Early in the century, waistlines raised to the middle of the torso, ruffs and collars softened and fell, and sleeves got HUGE. Necklines gradually stretched out to a horizontal, skirts were full and heavy, and sleeves reached just below the elbow or to the wrist. 















Women wore stomachers, which were pointed corset-like pieces that covered the chest to the waistline. Stomachers were decorated with embroidery, jewels, and the like.


For the men of the mid-17th century, fashion extended and BILLOWED. Fabrics were simple but the adornments were extavagant. There were lots of things for men to wear, but most were variations on the same garment, breeches! For example, men wore venetians and trunkslops, which were a lot like pumpkin hose! Long trunkslops called gallagaskins were worn by men, as well as just plain ole slops which were like long breeches. Generally, ruffs and cuffs stayed around but fell daintily. All of these were cousins of the star of the time, Petticoat breeches. These little buggers were pleated in to the waist band and had VERY poofy legs. Underbreeches were worn, as well as decorative ruffles to adorn the leg openings. Thank goodness they got rid of those horrid piececod belly-- I'd have thrown up if I saw one more. Dudes sported a bolero-like doublet with their shirts which were, by the way, outrageously ruffly and sometimes decorated with ribbons, bows, and pretty buttons. Around this time, the vest was developing and long coats were worn. Bucket boots were heeled boots that climbed up the calf and sagged over. Along other shoe styles were pantoffles (slippers) and platform galoches. Men's outfits were finished with a cravat, and a nice boater hat. Men wore their hair long and curled and luscious, often dyeing it or powdering it.



Women in the Petticoat Breeches time continued to wear heavy dresses. The bodice returned to a lower spot on the waist and horizontal or square necklines were completed with a wide falling collar. The front of the full skirt was often open to show an underskirt and a petticoats were worn underneath. Women curled their hair and it was popular to wear it up with curls falling down the sides. Dresses were very much adorned with lace, ruffles, and bows.

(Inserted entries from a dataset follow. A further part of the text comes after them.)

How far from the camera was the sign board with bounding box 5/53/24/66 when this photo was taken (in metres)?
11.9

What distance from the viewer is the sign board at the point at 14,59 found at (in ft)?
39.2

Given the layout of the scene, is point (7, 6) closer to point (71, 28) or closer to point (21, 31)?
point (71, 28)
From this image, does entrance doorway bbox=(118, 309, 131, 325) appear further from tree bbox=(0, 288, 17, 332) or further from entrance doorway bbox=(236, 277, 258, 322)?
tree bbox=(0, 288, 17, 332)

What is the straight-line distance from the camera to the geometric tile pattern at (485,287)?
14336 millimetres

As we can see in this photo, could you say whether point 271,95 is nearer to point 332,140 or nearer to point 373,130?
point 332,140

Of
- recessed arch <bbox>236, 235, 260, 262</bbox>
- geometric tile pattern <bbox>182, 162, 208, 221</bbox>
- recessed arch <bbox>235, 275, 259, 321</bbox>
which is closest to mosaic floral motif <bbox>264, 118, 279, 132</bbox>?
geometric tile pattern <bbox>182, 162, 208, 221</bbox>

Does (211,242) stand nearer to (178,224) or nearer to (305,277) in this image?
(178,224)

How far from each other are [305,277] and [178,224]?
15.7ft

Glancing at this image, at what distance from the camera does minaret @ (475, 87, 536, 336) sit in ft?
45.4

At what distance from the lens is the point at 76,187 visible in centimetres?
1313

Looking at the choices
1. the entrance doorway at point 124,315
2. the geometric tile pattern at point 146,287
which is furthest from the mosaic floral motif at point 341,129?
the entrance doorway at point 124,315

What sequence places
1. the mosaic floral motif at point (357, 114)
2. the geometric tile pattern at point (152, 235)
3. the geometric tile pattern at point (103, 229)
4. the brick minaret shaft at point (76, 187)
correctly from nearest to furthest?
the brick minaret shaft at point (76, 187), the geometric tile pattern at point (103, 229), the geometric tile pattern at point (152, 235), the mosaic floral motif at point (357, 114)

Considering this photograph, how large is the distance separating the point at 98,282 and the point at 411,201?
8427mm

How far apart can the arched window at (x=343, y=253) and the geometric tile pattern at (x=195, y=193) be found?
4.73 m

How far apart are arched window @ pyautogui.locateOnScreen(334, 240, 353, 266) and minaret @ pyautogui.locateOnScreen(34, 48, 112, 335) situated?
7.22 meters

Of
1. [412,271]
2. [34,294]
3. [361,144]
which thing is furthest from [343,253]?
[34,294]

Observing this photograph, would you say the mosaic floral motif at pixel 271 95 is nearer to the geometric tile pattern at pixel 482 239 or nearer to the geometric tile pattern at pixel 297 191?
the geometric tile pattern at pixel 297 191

The mantua or manteau gown was introduced late in the century. Surprisingly, it was cut in one piece from the shoulder to the hem and evolved into a jacket-like gown. The skirts were gathered around the booty and underskirts were visible.

Shoes were a big deal for women in the mid-17th century. We didn't want to wear the same styles as men anymore! That's right ladies, speak out! Shoes were beautifully embroidered and made with silk, velvet, and satin. The heels on these babies could be pretty tall, too! So tall and uncomfortable that women would faint! Oh, the price of beauty!

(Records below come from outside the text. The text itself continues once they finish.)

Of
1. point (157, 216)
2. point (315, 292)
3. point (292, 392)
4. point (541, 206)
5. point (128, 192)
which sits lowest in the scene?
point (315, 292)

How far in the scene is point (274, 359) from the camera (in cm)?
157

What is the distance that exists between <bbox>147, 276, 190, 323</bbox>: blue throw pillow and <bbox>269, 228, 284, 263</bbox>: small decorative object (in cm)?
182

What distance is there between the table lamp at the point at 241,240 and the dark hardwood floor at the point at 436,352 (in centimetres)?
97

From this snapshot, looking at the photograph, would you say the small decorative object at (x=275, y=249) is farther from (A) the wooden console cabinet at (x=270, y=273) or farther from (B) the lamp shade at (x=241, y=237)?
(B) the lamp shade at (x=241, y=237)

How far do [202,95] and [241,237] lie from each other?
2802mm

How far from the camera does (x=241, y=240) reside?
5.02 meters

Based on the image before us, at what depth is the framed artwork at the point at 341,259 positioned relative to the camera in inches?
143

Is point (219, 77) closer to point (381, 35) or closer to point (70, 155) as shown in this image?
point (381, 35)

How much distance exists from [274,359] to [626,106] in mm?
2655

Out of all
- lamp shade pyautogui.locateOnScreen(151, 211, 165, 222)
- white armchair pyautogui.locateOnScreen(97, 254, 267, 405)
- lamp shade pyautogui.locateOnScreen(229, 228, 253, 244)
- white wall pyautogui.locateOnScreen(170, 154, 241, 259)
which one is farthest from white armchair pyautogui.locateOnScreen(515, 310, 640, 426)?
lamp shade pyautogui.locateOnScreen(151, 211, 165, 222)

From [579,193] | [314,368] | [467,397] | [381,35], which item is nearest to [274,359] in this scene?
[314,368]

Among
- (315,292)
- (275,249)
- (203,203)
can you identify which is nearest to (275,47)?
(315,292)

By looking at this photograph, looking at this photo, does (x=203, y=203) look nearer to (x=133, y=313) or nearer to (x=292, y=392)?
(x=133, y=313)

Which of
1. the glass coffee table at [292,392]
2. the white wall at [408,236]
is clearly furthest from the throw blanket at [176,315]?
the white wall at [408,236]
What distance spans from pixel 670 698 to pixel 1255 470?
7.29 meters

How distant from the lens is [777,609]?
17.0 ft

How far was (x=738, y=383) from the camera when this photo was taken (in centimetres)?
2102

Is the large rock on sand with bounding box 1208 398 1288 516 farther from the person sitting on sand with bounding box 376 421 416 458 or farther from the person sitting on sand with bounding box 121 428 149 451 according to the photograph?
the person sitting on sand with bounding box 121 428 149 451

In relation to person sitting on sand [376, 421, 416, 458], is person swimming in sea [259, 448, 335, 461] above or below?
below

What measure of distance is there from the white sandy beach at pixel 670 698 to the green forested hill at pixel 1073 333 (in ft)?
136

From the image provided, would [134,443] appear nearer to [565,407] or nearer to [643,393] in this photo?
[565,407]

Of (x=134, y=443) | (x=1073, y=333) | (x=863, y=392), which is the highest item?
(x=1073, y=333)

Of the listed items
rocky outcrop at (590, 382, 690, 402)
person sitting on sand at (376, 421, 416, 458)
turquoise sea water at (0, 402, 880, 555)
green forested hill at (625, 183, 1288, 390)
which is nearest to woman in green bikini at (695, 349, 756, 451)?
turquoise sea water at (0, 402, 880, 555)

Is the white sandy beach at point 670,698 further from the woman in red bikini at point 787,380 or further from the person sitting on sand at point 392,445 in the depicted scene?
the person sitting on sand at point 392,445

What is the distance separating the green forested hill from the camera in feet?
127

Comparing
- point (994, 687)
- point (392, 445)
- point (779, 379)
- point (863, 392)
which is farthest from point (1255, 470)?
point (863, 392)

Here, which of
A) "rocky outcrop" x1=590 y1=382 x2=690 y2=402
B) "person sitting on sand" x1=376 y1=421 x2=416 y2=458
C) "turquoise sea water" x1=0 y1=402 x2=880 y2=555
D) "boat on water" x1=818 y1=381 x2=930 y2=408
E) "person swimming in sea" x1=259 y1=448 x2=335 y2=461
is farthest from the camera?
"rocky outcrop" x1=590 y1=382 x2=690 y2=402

The Hurluberlu. WHAT did you call me?!
The two most popular hairstyles for women in the 17th century were the Fontange and Hurluberlu. The Hurluberlu became trendy thanks to King Charles I’s wife Henrietta Marie. The hair was parted down the middle, flattened, and curled into tight ringlets around the crown on each side. The hair in the back was curled and left loose. King Louis XIV's mistress, the Duchesse de Fontange, accidentally created the style Fontange. Curls were piled on top of the head and topped with a lace tiered headdress. Makeup as very popular during the 17th century. Again, it was used to make the skin look paler. The makeup was made with chalk, eggs, and vinegar. Lips and cheeks were kissed red and pink with fruit juices. 


Late in the century, it was en vogue to look deliberately disheveled. This was know as dishabille/deshabille ("undress"). Women carefully presented a soft, sensual image. Necklines got lower and dresses lightly held low on the shoulders. HELLO CLEAVAGE! Mistresses dressed like this to suggest she was with a powerful man.
An example of the dishabille look, more conservative.